▶ Exercise
In the records below, find the line with "上田市生田　中古戸建 内観写真（リビング以外の居室）", then retype it and every following line exactly, stopping after the line with "디럭스 룸, Manor House Inn". Leave the pictures out.

▶ Provided data
◆ ◆ ◆ ◆ ◆ ◆ ◆
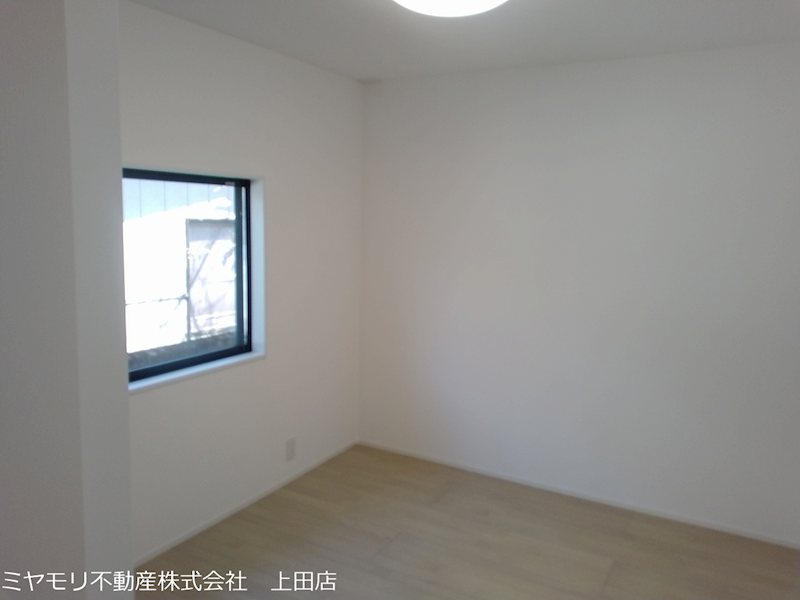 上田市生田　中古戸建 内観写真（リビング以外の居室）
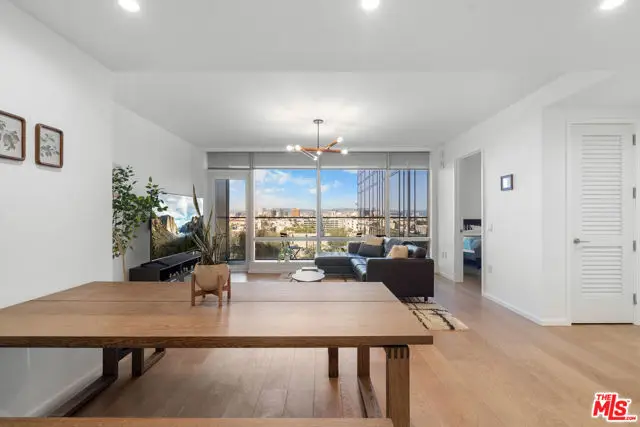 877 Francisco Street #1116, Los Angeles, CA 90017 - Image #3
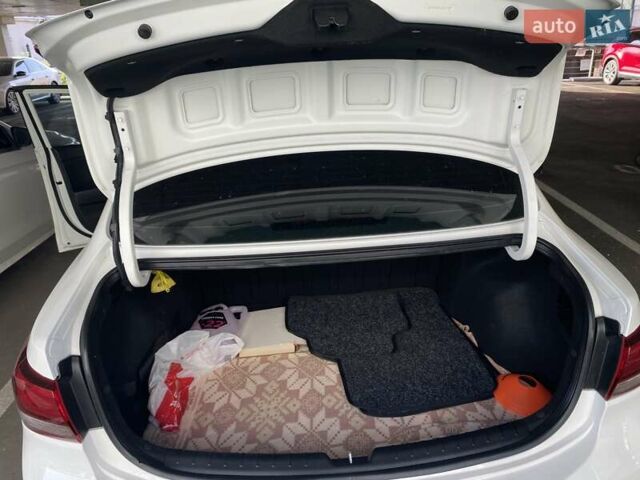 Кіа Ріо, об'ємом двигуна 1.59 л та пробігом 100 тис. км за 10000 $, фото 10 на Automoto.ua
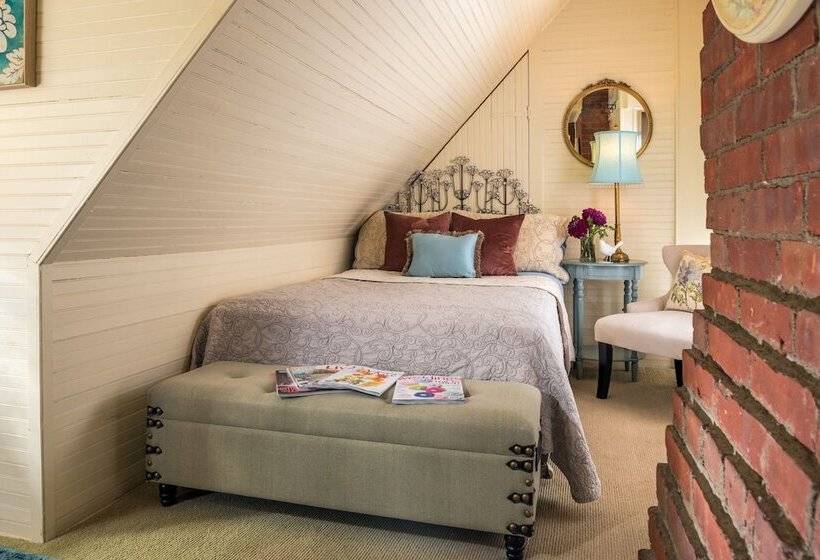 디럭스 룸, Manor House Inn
◆ ◆ ◆ ◆ ◆ ◆ ◆
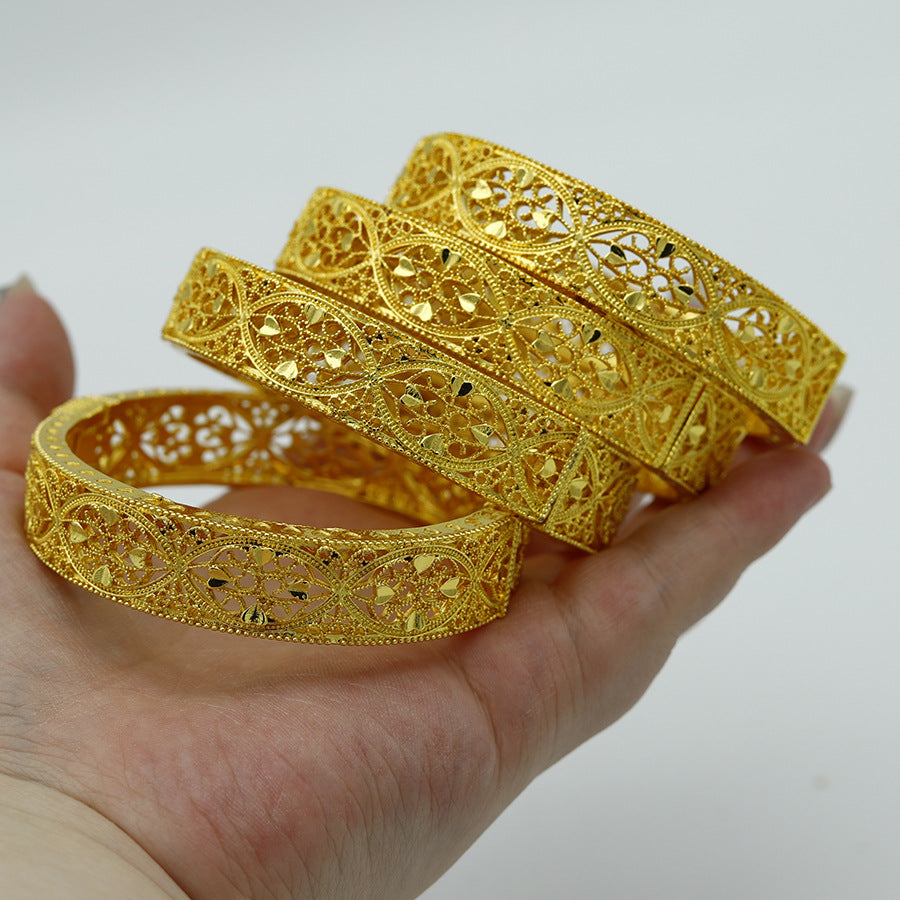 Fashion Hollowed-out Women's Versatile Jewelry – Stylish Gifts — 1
◆ ◆ ◆ ◆ ◆ ◆ ◆
▶ Answer for this exercise
 上田市生田　中古戸建 内観写真（リビング以外の居室）
 877 Francisco Street #1116, Los Angeles, CA 90017 - Image #3
 Кіа Ріо, об'ємом двигуна 1.59 л та пробігом 100 тис. км за 10000 $, фото 10 на Automoto.ua
 디럭스 룸, Manor House Inn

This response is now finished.